McMillan herself has become a publishing phenomenon by telling just such other stories, about present-day, urban African-Americans who have left the "ghetto" behind. Her upwardly mobile women reflect a post-civil rights reality, which was won through integration and higher education. As McMillan once remonstrated with an editor who thought that the voice of Zora, the schoolteacher in her second novel, Disappearing Acts (1989), was too "preppy" - "Look, she's not barefoot and pregnant, living in the projects and getting her ass kicked. I cannot apologise because some of us have been to college."
Her third novel, Waiting To Exhale (1992), was her big breakthrough. The tale of four professional women, with everything in life but a good man, sold some four million copies, and won her the second-largest advance, of $2.6m, then paid for a novel's paperback rights (after Scott Turow's $3.3m for Presumed Innocent). It spawned leagues of imitators, and a sub-genre of "girlfriend fiction", while book clubs, or "sister circles", mushroomed and McMillan's readings needed crowd control.
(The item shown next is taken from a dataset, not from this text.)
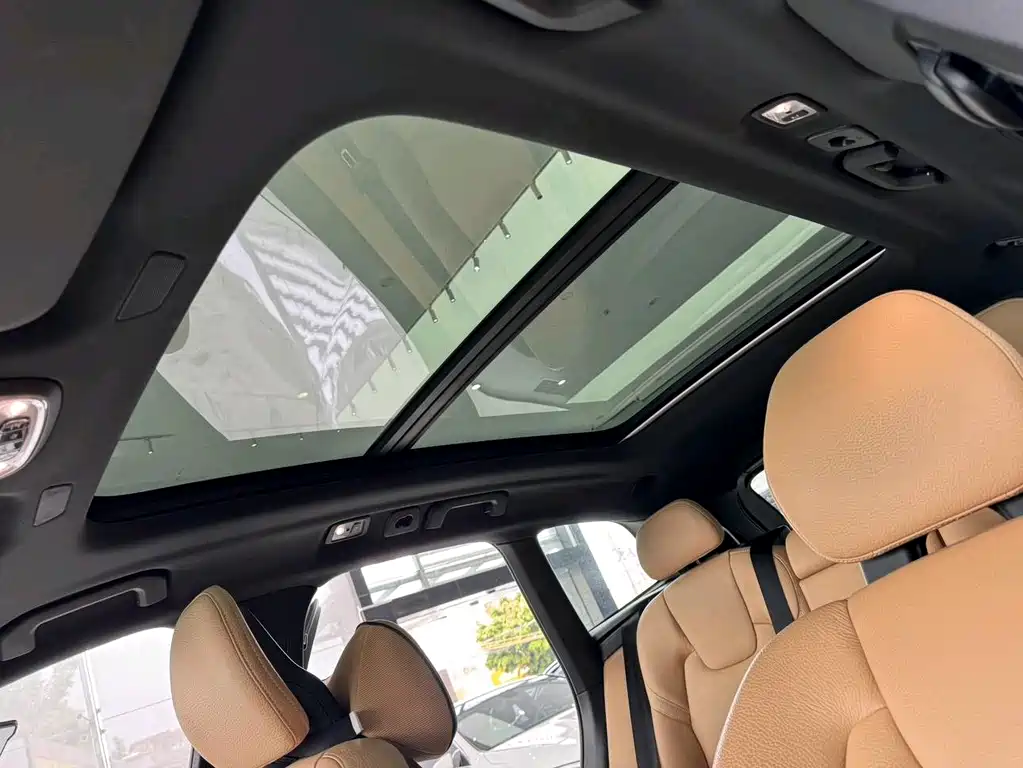 Volvo XC60 2018 — фото 20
A revolution was born when, as she says, "publishers took note that black people do read, and that other ethnic groups will read books about black people". What the New York Times dubbed the "Terry McMillan effect" rippled through the industry, from policy on hiring editors to new black fiction imprints.
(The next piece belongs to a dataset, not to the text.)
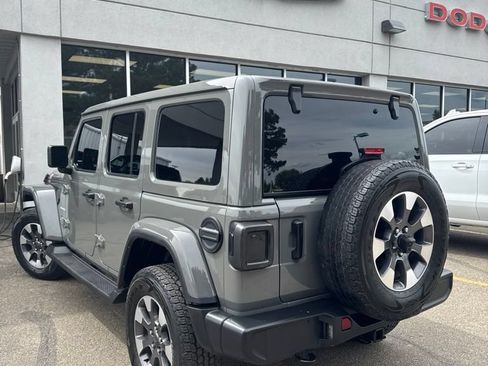 Used 2021 Jeep Wrangler Unlimited Sahara AWD/4WD image 2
Waiting To Exhale's Hollywood incarnation in 1996 as the first "black chick-flick", starring Whitney Houston, Angela Bassett and Wesley Snipes, broke more ground as a "crossover" success, grossing $67m at the US box office. It helped spur more films that abandoned the 'hood for the hearth, such as Soul Food and The Best Man. McMillan's next novel, How Stella Got Her Groove Back (1996), which secured her a staggering $6m advance, became an instant bestseller and another Hollywood film, this time starring Angela Bassett, Taye Diggs and Whoopi Goldberg. McMillan was executive producer and co-writer of both films, and of last year's US TV film of Disappearing Acts, starring Wesley Snipes and Sanaa Lathan.
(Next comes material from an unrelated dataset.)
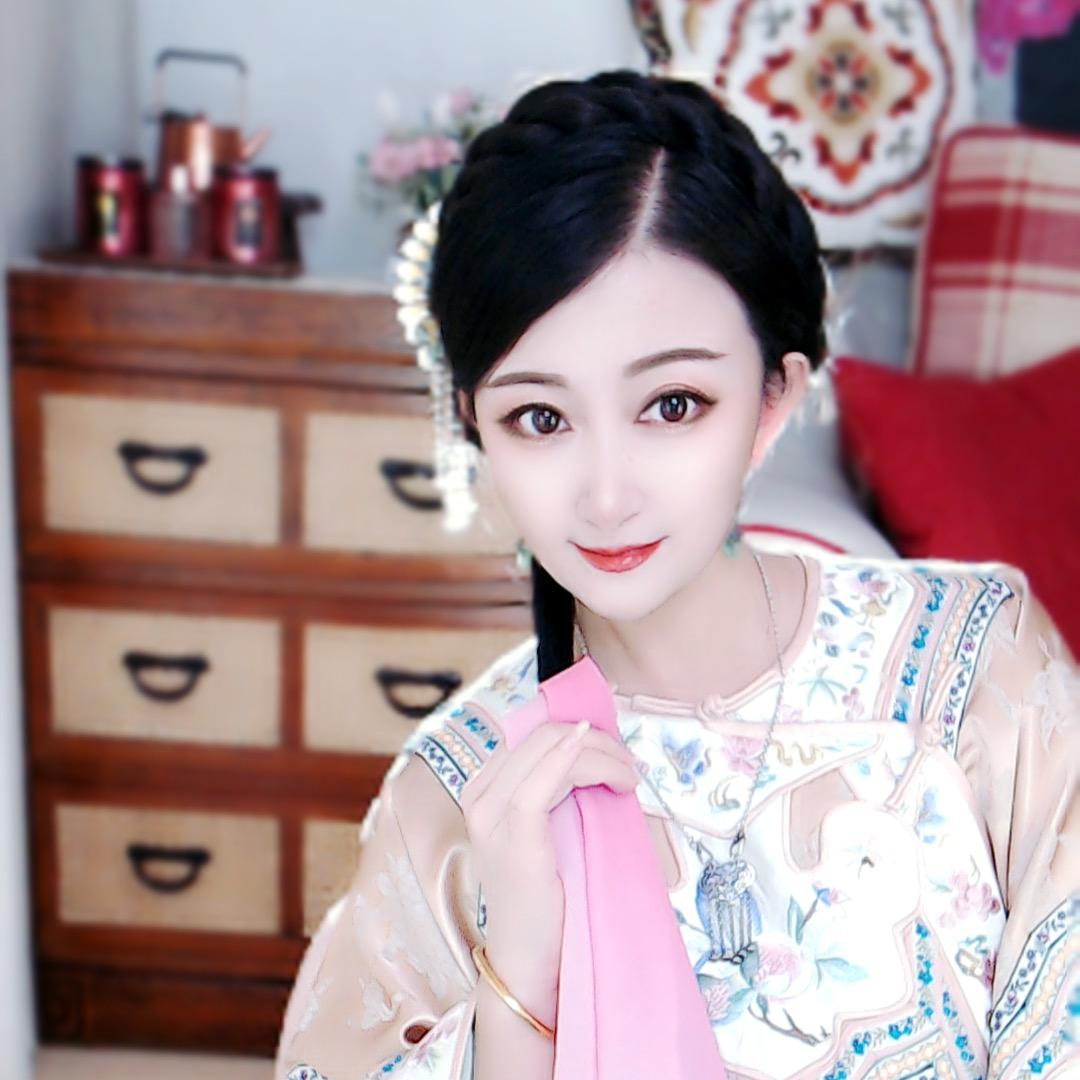 风吹桃林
Her success has made her a target, however. She has been attacked for caricaturing black men as irresponsible losers; for depicting professional black women as shopaholic airheads pining for romance - or a shag; for characters who are too conspicuous in their brand-name consumption, or too assimilated. Publishers Weekly dubbed her the "Judith Krantz of the black bourgeoisie", after the queen of airport sex-and-shopping fodder. Yet, although her fiction may have such elements, its ebullient wit and sass, the social problems she airs - from incest to alcoholism - and the "homegirl" voice her characters slip in and out of, make it less easy to categorise or dismiss. While the shopping sprees and six-figure salaries in her fiction have drawn accusations of fairytale wish-fulfilment, McMillan peddles no dreams she has not herself realised. The milieu of her novels has risen with her own standing, just as they mirror an emotional evolution in her life.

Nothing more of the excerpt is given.